Pass National Health Care Now

Movie Monday

I was pretty depressed about writing any movie review since this weekend I got to see that waste-of-space movie,
Harold & Kumar Escape from Guantanamo Bay. What a disappointment! You know how with teens sometimes they seem to replace "and" with "fuck" in their speech and you get to hear that explicative (Edit: Sorry about that. The word is expletive. I don't even know what explicative means but for some reason the spell checker here gives you wild suggestions and obviously I clicked the change without looking.) so often that it loses all impact? Well, this movie was so horrible, so devoid of the raunchy charm of the 2004 Harold & Kumar Go to White Castle , that you need to use the word "gross" so often, that it, like "fuck", loses its moral authority.

So I approached Movie Monday with a
What the hell attitude. We're all doomed. Screw the arts.

Then I stopped to see
Frost/Nixon during lunch today. I didn't have much hope for this movie either since I consider Ron Howard the Opie of directors: competent but always playing on the safe side.
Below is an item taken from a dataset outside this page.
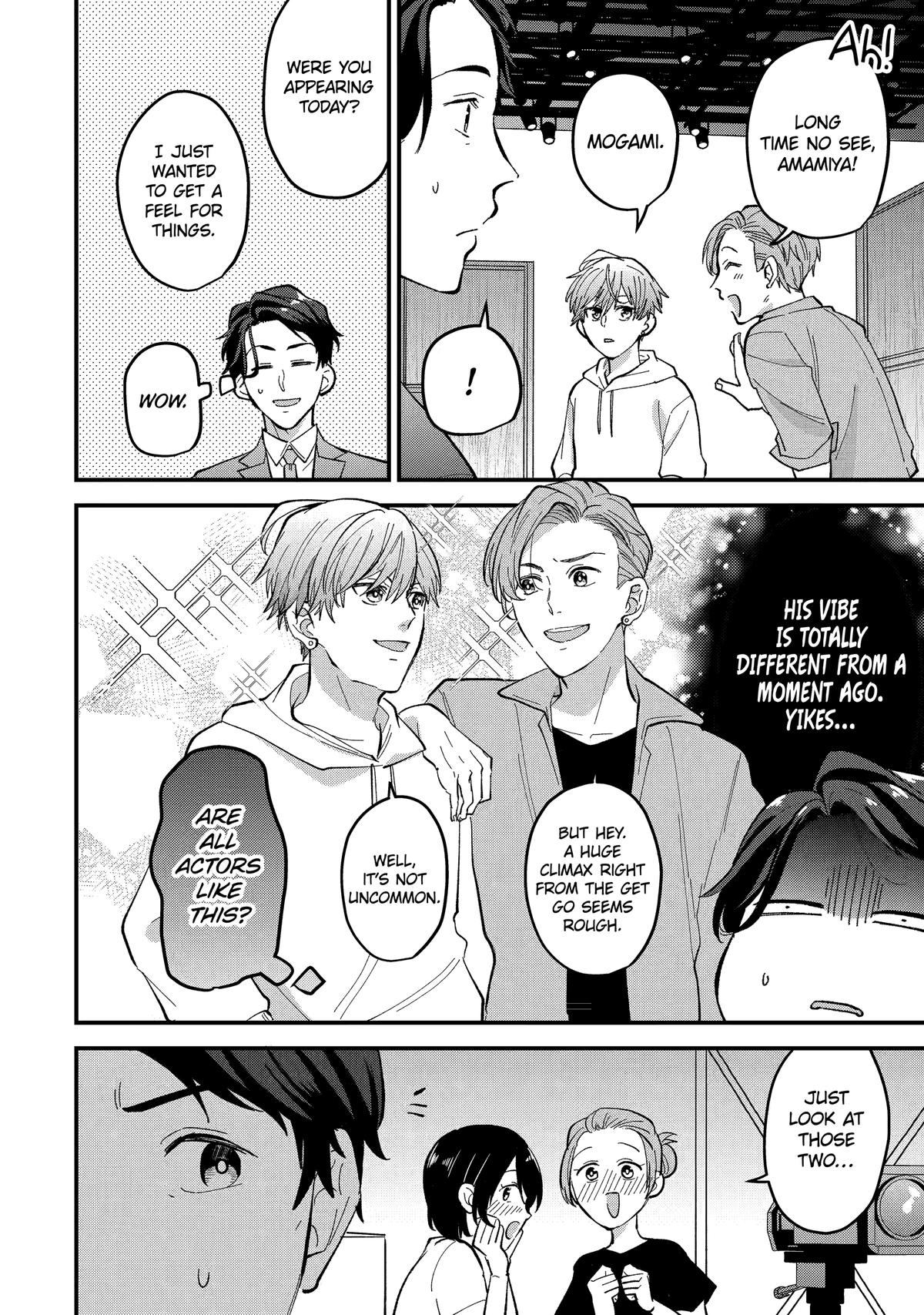 Love’s Just an Act Scene 9 10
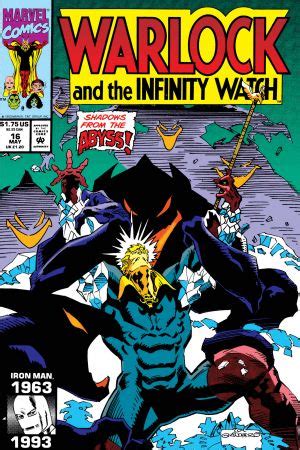 Warlock and the Infinity Watch 1992-1995 6 Reader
Full disclosure, I still have 45 minutes to go with this movie and perhaps it's going to bomb. But even if it does bomb in the last 45 minutes, till than you will be treated to a fast-paced, thorough look at a very problematic president. Forget that he was a crook and a war criminal; this is a fascinating look at a very bright man pitted against a very superficial performer, David Frost. Watch how these famous post-presidency interviews were negotiated between a failed president and an Australian entertainer. Then watch how Nixon, as played so well and so astutely by Frank Langella works verbal jujitsu on a researched-prepared but not mentally-prepared Frost. Nixon washes the deck with him in the first interview. It looks like things are changing at the second interview but that's where I'm going to have to pick this movie up at another time.

It's masterfully written, directed and acted. Watch it for a lesson in the craft of movie making. Watch it for a slice of history this country should never forget.